R: Mi primera tentación es decir que no por una cuestión de principio: no se debe escribir nada con un propósito previo y, de añadidura, si es algo tan vago como la “identidad local”. Otra cosa es que, al cabo, al escritor le salga una obra en la que se encuentran y se reconocen muchas personas de una comunidad: nunca serán todos, por supuesto, ni a menudo esa sensación resistirá el paso del tiempo. Lo que sobrevive es siempre la obra compleja, no la unilateral, y menos la castiza.

P: ¿Cuál sería su árbol genealógico de la literatura en español?

R: No es una lista fácil, pero vale la pena arriesgarse: el Arcipreste de Hita, los autores de La Celestina y del Lazarillo, Garcilaso y Fray Luis de León, Teresa de Jesús y Juan de la Cruz, Cervantes, Lope y Calderón, Góngora y Quevedo, Moratín y Cadalso, Larra, Bécquer, Galdós, Clarín, Unamuno, Baroja, Valle-Inclán, Juan Ramón Jiménez, Ortega… A partir de ahí es ya muy difícil aventurar un listado que no sea injusto y, en lo que concierne a los últimos tres cuartos de siglo, que no sea imposible.

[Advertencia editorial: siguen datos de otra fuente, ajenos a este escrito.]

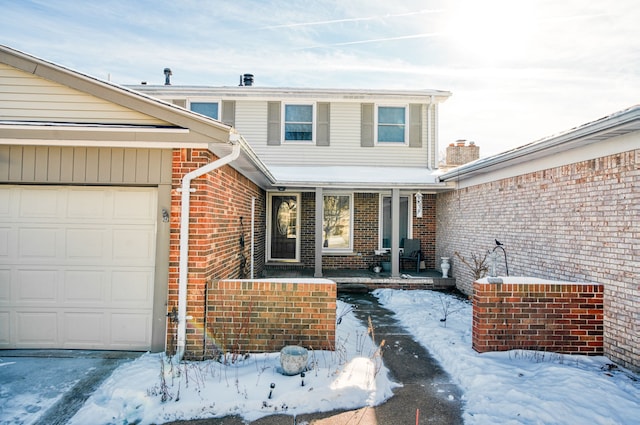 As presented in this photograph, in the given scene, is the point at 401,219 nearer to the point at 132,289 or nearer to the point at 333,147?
the point at 333,147

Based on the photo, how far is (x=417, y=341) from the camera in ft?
18.2

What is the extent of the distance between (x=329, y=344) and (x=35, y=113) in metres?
4.96

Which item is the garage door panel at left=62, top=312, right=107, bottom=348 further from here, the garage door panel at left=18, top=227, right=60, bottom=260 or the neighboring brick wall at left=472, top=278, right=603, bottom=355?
the neighboring brick wall at left=472, top=278, right=603, bottom=355

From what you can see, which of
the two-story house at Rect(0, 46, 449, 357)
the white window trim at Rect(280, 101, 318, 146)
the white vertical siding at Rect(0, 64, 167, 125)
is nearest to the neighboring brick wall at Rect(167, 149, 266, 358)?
the two-story house at Rect(0, 46, 449, 357)

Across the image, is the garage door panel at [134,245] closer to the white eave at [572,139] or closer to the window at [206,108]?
the white eave at [572,139]

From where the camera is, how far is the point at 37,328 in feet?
15.3

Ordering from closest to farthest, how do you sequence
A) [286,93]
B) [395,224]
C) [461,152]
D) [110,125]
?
1. [110,125]
2. [395,224]
3. [286,93]
4. [461,152]

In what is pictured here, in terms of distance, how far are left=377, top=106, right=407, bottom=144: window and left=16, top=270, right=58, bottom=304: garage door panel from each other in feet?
30.6

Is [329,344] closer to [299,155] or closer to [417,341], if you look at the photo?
[417,341]

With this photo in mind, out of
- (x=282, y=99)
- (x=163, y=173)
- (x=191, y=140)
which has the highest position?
(x=282, y=99)

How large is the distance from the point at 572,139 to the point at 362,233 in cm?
717

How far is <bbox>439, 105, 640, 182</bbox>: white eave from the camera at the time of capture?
3834 millimetres

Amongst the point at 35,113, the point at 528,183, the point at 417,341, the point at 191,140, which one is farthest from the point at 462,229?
the point at 35,113

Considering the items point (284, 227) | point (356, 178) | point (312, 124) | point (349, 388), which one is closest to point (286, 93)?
point (312, 124) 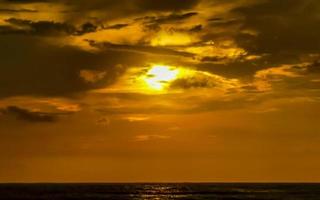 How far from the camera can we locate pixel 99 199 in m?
109

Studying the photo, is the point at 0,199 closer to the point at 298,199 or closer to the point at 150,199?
the point at 150,199

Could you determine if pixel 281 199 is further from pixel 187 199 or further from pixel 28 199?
pixel 28 199

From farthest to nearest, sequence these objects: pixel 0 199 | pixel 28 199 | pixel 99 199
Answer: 1. pixel 99 199
2. pixel 28 199
3. pixel 0 199

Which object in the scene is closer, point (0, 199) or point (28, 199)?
point (0, 199)

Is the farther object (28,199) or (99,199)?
(99,199)

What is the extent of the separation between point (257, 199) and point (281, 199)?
4153mm

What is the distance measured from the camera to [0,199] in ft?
313

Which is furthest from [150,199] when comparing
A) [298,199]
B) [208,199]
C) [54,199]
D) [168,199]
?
[298,199]

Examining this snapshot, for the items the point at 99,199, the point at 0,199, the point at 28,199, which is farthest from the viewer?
the point at 99,199

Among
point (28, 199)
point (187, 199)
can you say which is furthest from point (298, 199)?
point (28, 199)

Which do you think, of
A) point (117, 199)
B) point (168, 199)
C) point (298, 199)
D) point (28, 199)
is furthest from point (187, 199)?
point (28, 199)

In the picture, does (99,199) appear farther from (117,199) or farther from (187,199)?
(187,199)

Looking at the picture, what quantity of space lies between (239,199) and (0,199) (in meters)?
39.9

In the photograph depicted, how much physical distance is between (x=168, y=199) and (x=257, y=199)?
17.4 metres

P: ¿Hacia dónde nos dirigimos?

R: No lo sé. En todo caso, parece que vamos a una escritura más egoísta y personalizada en los escritores más exigentes, a la vez que al predominio de los “géneros” que ofrecen lo previsible al lector medio y le exigen bien poco. La difusión electrónica, que tiende a la banalización, que estimula la lectura discontinua y que ofrece la posibilidad de opinar sobre lo que no se conoce bien y de enterarse a medias de casi todo, no va a mejorar mucho las cosas. En un tiempo de transición, como lo es el nuestro, toda profecía puede cumplirse… y desmentirse.